Secure One-Sided Device-Independent Quantum Key Distribution Under Collective Attacks with Enhanced Robustness

TL;DR

This paper introduces a one-sided device-independent quantum key distribution protocol that enhances robustness against collective attacks, tolerates higher error rates, and functions effectively with lower detection efficiencies, advancing practical secure quantum communication.

Contribution

It provides a new 1sDI-QKD protocol with an analytical key rate bound, demonstrating improved noise tolerance and robustness over existing DI-QKD methods.

Findings

Higher QBER tolerance than DI-QKD protocols.

Secure key generation with lower detection efficiencies.

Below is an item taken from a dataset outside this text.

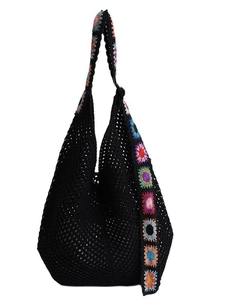 Sac cabas au crochet noir bohème avec bandoulière à broderie florale colorée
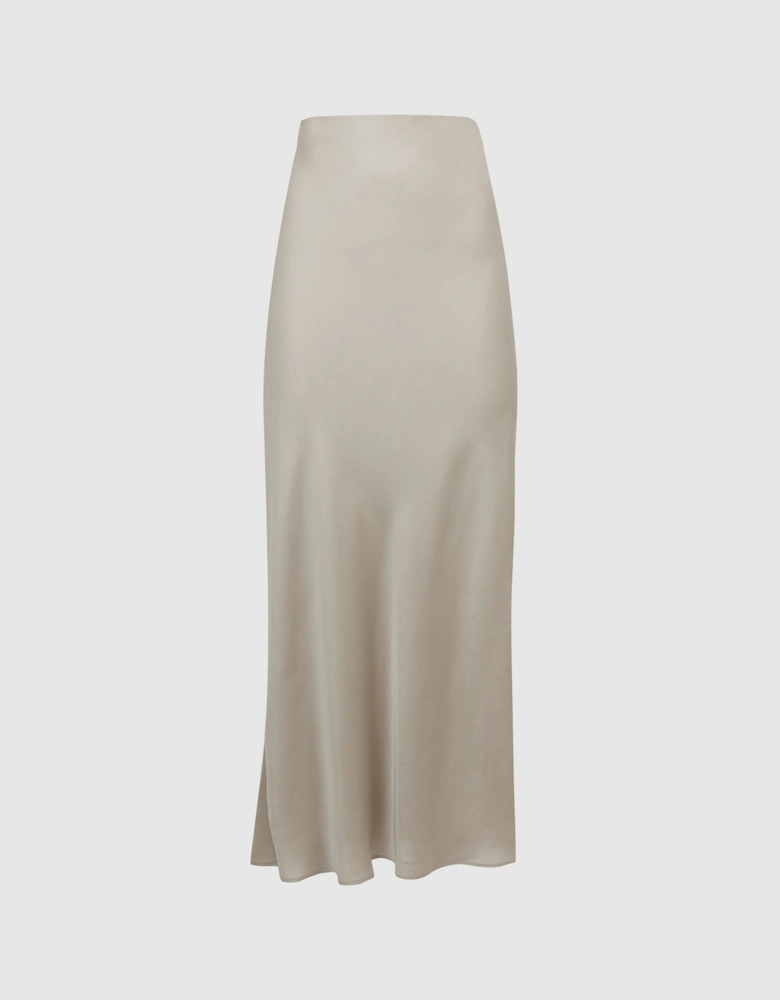 Metallic Fitted High Rise Midi Skirt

Analytical closed-form key rate formula derived.

Abstract

We study the security of a quantum key distribution (QKD) protocol under the one-sided device-independent (1sDI) setting, which assumes trust in only one party's measurement device. This approach effectively provides a balance between the experimental viability of device-dependent (DD-QKD) and the minimal trust assumptions of device-independent (DI-QKD). An analytical lower bound on the asymptotic key rate is derived to provide security against collective attacks, in which the eavesdropper's information is limited only by the function of observed violation of a linear quantum steering inequality, specifically the three-setting Cavalcanti-Jones-Wiseman-Reid (CJWR) inequality. We provide a closed-form key rate formula by reducing the security analysis to mixtures of Bell-diagonal states by utilizing symmetries of the steering functional. We show that the protocol tolerates higher quantum bit error rates (QBER) than present DI-QKD protocols by benchmarking its performance under depolarizing noise. Furthermore, we explore the impact of detection inefficiencies and show that, in contrast to DI-QKD, which requires near-perfect detection, secure key generation can be achieved even with lower detection efficiency on the untrusted side. These findings highlight the advantages of 1sDI-QKD as a steering-based alternative for secure quantum communication and provide insights relevant for near-future experimental implementations.